Even where such systems are not in play, the modern car is a hermetically sealed air-conditioned isolation chamber that tries to insulate its driver and passengers to the greatest extent possible from the outside world. This includes the sensations of driving, which have been supplanted by increasingly sophisticated and intrusive infotainment systems. It’s all a very long way removed from my MG Midget, which was so noisy as to make the fitment of even a radio pointless.
While there are still many young people who are car enthusiasts, the majority of millennials seem increasingly to regard private cars as a necessary (or even unnecessary) evil. They have no real experience of the sensual pleasure of driving and either shun cars altogether or regard them merely as personal transport appliances. The concept of going for a drive must now seem rather quaint and idiosyncratic to them, which is, I think, a great pity.

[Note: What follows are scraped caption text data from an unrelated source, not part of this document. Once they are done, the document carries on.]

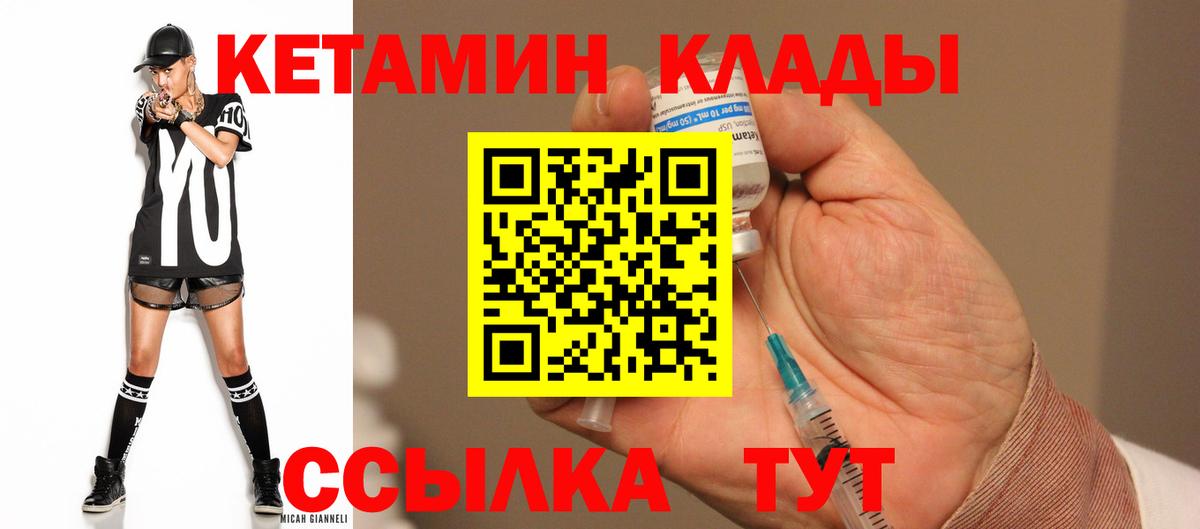 Надым  ссылка на мегу   КЕТАМИН VHQ  Вход с VPN  Кетамин VHQ 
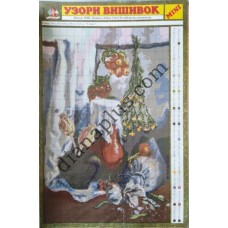 Узори вишивок "mini" №20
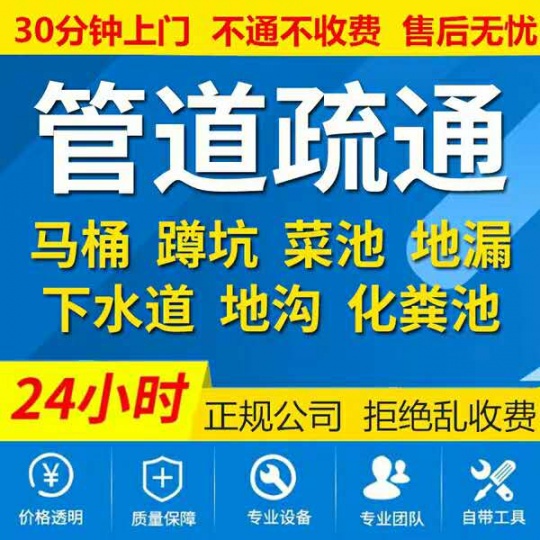 服务宜宾翠屏区下水道疏通 马桶 地漏 厕所疏通 化粪池清理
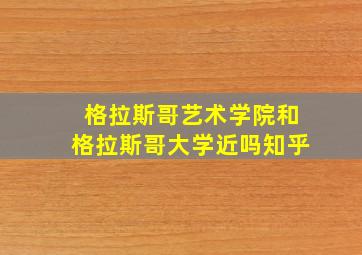 格拉斯哥艺术学院和格拉斯哥大学近吗知乎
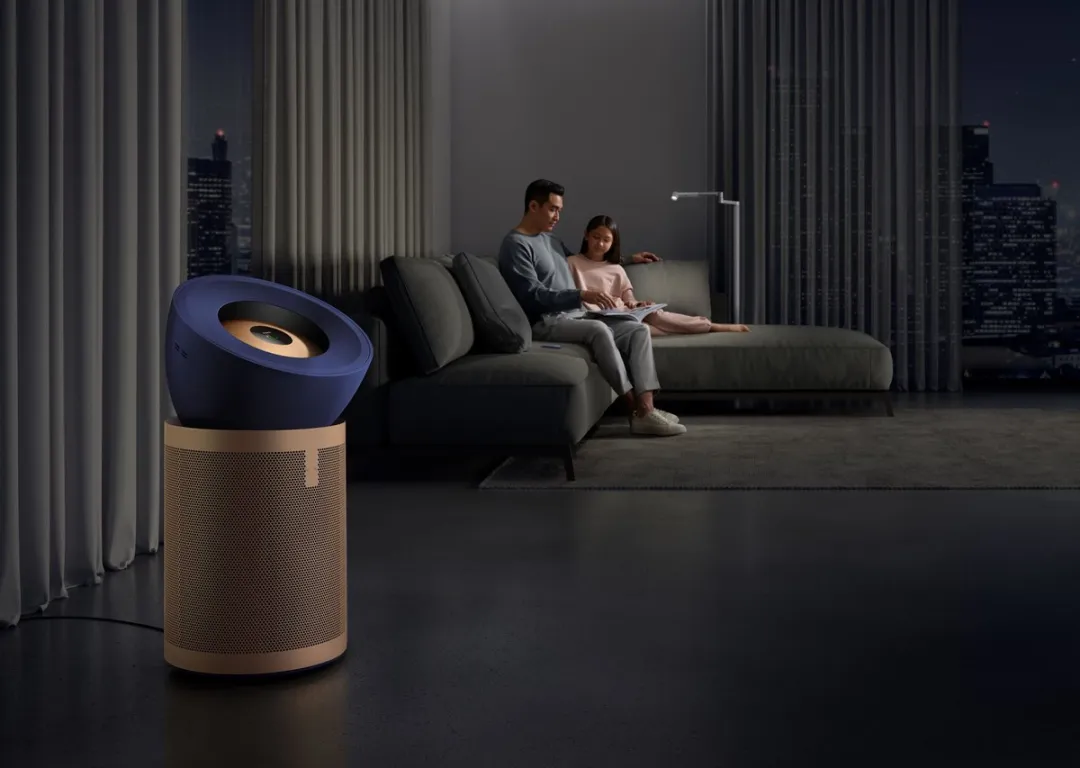 Dyson Purifier BP04 Luchtreiniger - 70W - 100m² - Blauw/Goud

The Covid-19 pandemic that has dominated our lives for the past year has restricted our freedom and movements to a degree that was previously unimaginable. Home working, Zoom meetings and internet shopping has considerably reduced commuting and what car insurance companies rather quaintly term driving for social, domestic and pleasure purposes.
There have been some incidental benefits in terms of (temporarily) improved air quality in cities, but Covid-19 has been a potentially deadly threat and a compelling reason to stay close to home. Recently however, there has been heartening news of Covid-19 vaccines that appear to be highly effective. Hopefully, these will enable our lives to return to normal in the months ahead.
I am by temperament an optimist and believe that, if we could bring that same concerted global scientific effort to addressing the existential threat of Global Warming, we will find solutions there also. There will be no single magic bullet but a combination of solutions involving renewable and nuclear energy, carbon capture technology and so on.
The move towards EV’s will accelerate and, even though I am usually a late adopter of new technology, I have little doubt that our next new car will be electrically powered, and will hopefully have autonomous capabilities for routine journeys where driving would be a chore rather than a pleasure. I remain hopeful of being able again to go for a drive in such a vehicle purely for pleasure and without any feelings of guilt.